1.Tendering for new contracts
Employers can often be surprised to find out during their project tendering process that certain clients, (often government contracts), require them to have specific employee background checks in place, (such as a DBS check), in order to be considered for a contract.
Such clients typically come from sectors relating to sensitive data, vulnerable people, finance, government, education or security. Employers are advised to check such tendering documents, carefully, well in advance of submission deadlines, (to avoid nasty surprises), and ensure sufficient time to complete any necessary employee background checks.
Another logical time to background check an existing employee is prior to promoting them. This high profile case from Asda Walmart shows the value of re-screening employees prior to a promotion. A few years back, the retail chain’s then VP of Corporate Communications was found to have fabricated his CV. This fabrication was discovered during a routine pre-promotion assessment, having been missed during the original pre-hire screening process. This shows the value of pre-promotion background checks which act as a second, strategic check-point to catch any fraudulent CVs which slipped through the net during pre-employment screening.
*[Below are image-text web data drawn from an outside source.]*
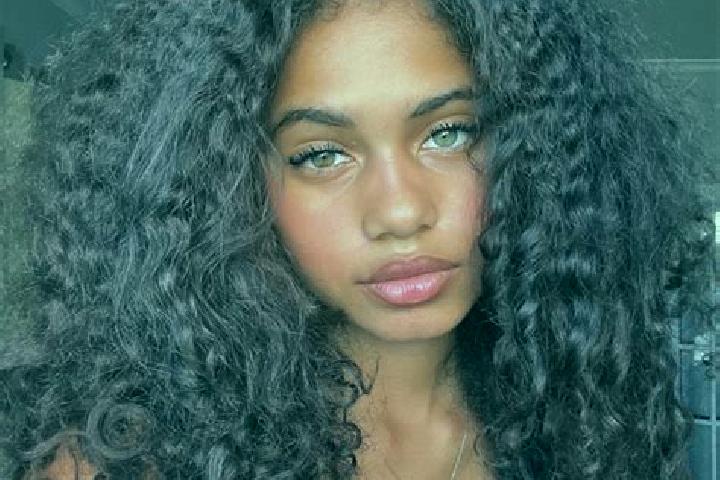 Mia, 22, a chestnut blue-eyed ebony companion based in Salbris. Offering CIM, 69, BDSM, Erotic Massage. Available for incall and outcall, day and evening dates.
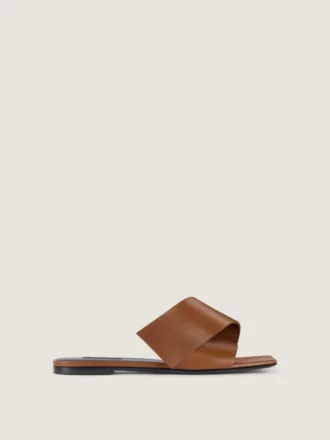Flate sandaler med skåret firkantet tå i skinn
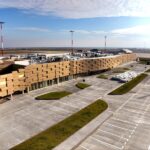 Aeroportul Internațional Mihail Kogălniceanu investește în energie verde: A fost semnat contractul pentru studiul de fezabilitate al unui parc fotovoltaic 2 aeroportul international mihail kogalniceanu investeste in energie verde a fost incheiat contractul pentru studiu de fezabilitate al unui parc fotovoltaic 682de4e08d440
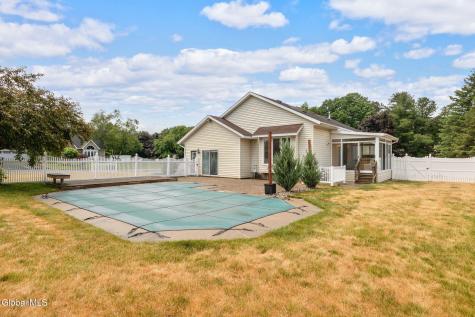 237 Long Meadow Lane Schenectady NY 12306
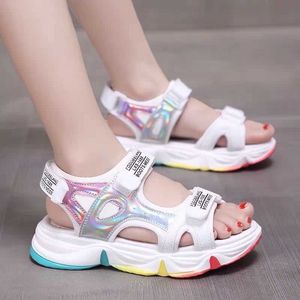 Сандалии бросают бренд для девочек Сандалии летние детские пляжные туфли маленькие девочки сандалии мода Big Kids Princess Sports Sandals Z0225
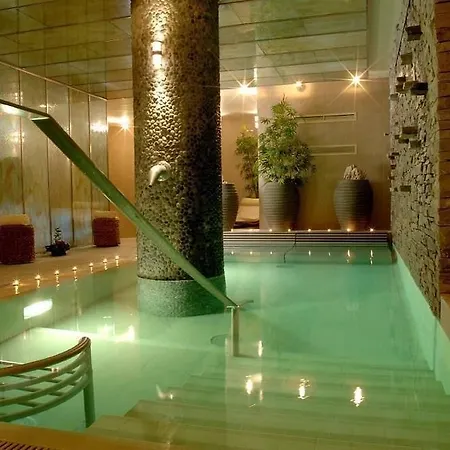 Imperial 4*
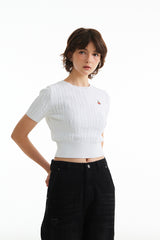 スモールチェリーケーブルクロップ丈のショットスリーブニット／(Eunbi's Pick)SMALL CHERRY CABLE CROP SHORT SLEEVE KNIT [WHITE]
When acquiring a business there are no guarantees that the employees that you TUPE transfer in have been background checked at all, or to the standards that your business requires. Post TUPE transfer background checks will need to be made. For example, according to Home Office Guidance employers are advised to make a fresh right-to-work check within 60 days of the transfer of the business and employees under TUPE.
You’ll also need to check whether TUPE transferred employees have the appropriate DBS clearance and how old the check is, and whether it is ‘in date’ in relation to your own policy on frequency of checks. You’ll need to assess the criminal background check for authenticity by following the DBS Identity Check process set out on the UK Government website.
If the post-TUPE employees criminal background check doesn’t conform to requirements, the employee will need to complete a new criminal background check, and this will need to be at the employer’s expense as you can’t charge for this under TUPE.
4. Ongoing Checks
Criminal background checks will need to be carried out on a regular basis at a frequency appropriate to the role being performed. Some employers re-check criminal records every 3 years, but other sectors such as NHS agency bank staff are subject to annual scrutiny.
The Corporate Manslaughter and Corporate Homicide Act 2007 makes it very important for employers to ensure that all employees driving on business have a valid driving license. Common pitfalls are that drivers forget to return their license for refresh and reissue once a ban has been served, and drivers move house and forget to update addresses. Rechecking driving licences can be a costly background checking exercise with a high administrative burden, which is why some organizations hand it over to a background check company.
If you are a Solo-regulated financial firm falling within the Senior Manager’s and Certification Regime you would have needed to have completed your initial Fitness and Propriety checks on existing/new hires from December 2019. You’ll then need to complete annual criminal background checks on existing employees falling under the regime.
Employment Screening is no longer just a one-time event occurring prior to hiring new staff. Background checking is an ongoing process which should occur at recognized points during the employment life-cycle to preserve the integrity of your business.